Re: FC Barcelona - rywal numer 1

Post autor: kabanog »

Przecież przed bramką na 2:1 to Sociedad tworzył sobie lepsze okazje i tylko szczęście/Ter Stagen/indolencja strzelców uchowała Barcelonę przed stratą punktów.
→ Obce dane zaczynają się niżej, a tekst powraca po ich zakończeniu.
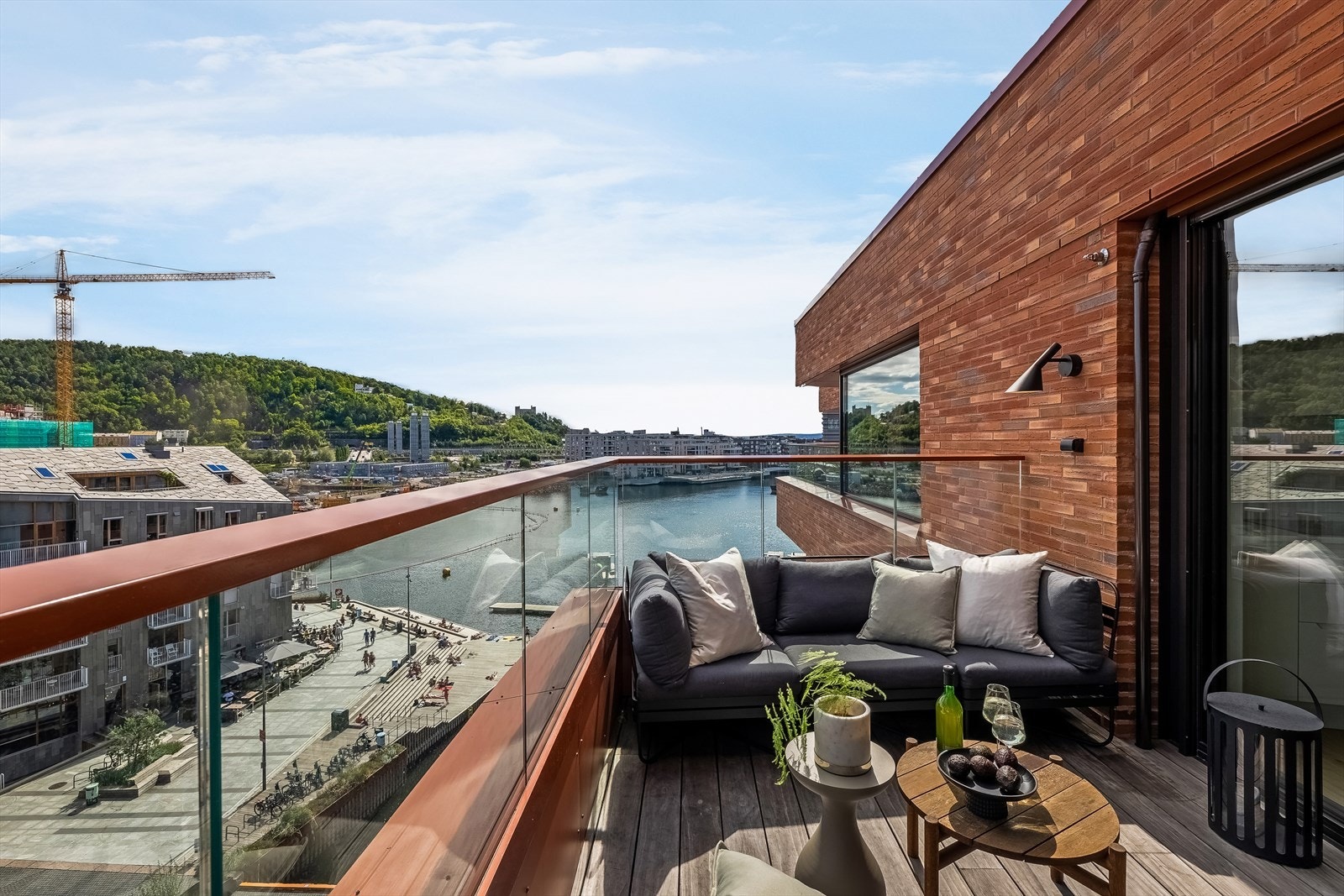 Nordvik ved Henrik Carlyle(46856489) har gleden av å presentere Operagata 33. Galleribilde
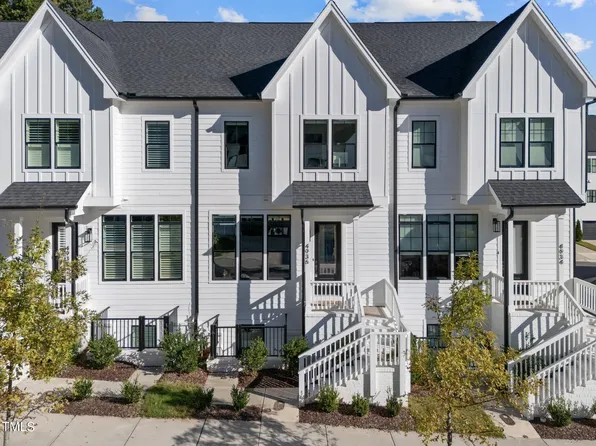 4936 Trek Ln, Raleigh, NC 27606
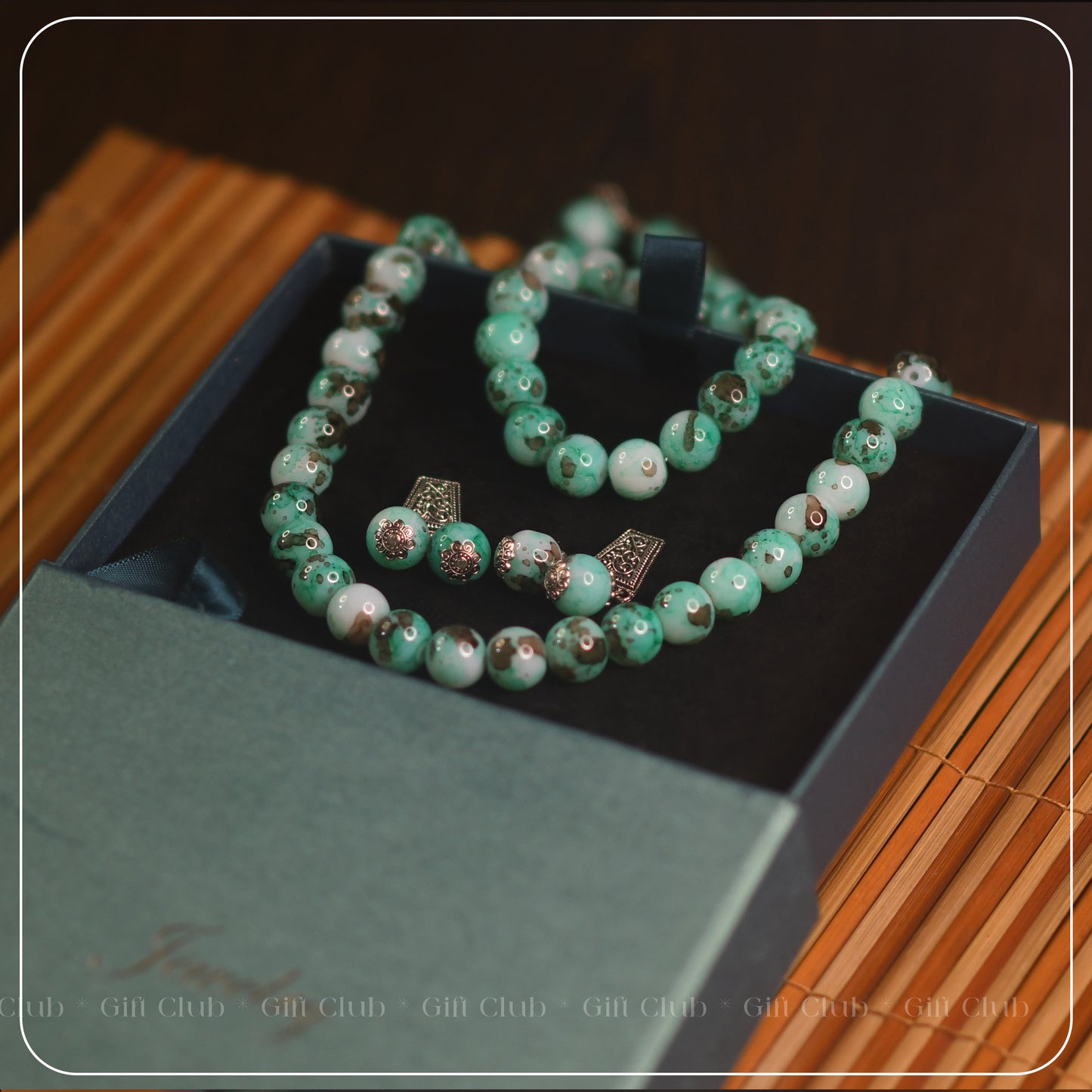 O15 - Ornaments Set - Perfect Gift for any occasion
Fakt wszedł Fati i pozamiatał, ale z drugiej strony ciekawe jakby ten mecz by wyglądał, gdyby Dembele dostał słuszną czerwoną kartkę. Jakim cudem VAR nie interweniował to chętnie posłucham od @madridcampeon
minusek
Posty: 1366
Rejestracja: ndz maja 30, 2021 9:32 pm

Re: FC Barcelona - rywal numer 1

Post autor: minusek »

Bez przesady IMO.
Awatar użytkownika
kabanog
Posty: 258
Rejestracja: ndz maja 30, 2021 11:33 am

Re: FC Barcelona - rywal numer 1

Post autor: kabanog »

Ale z czym?
Awatar użytkownika
madridcampeon
Posty: 635
Rejestracja: ndz maja 30, 2021 12:38 pm
Lokalizacja: Nowa Ruda

Re: FC Barcelona - rywal numer 1

Post autor: madridcampeon »

Jakim cudem VAR nie interweniował to chętnie posłucham od @madridcampeon
W tym przypadku powodem braku interwencji było to, że VAR-owy nie uznał tego za zdarzenie kwalifikujące się na bezdyskusyjną czerwoną kartkę. Gdyby za takową uznał, to mógłby zareagować - innych przeszkód poza powyższą interpretacją z punktu widzenia protokołu nie było.
Marcins
Posty: 330
Rejestracja: ndz maja 30, 2021 5:43 pm

Re: FC Barcelona - rywal numer 1

Post autor: Marcins »

Trzeba jeszcze dodac, ze w tej kolejce za takie lokcie bylo czerwo, z czego to dla Espanyolu prsy Dembele to zart. W obu sytacjach pomogl VAR a u kataloncow soedzieli cicho.

A co do samego wyniku do równie dobrze mogłobyć 4-1 dla RSSS. Jak dla mnie to nie był żaden wybitny mecz Barcy, a wynik z pewnością zakrzywia obraz tego meczu.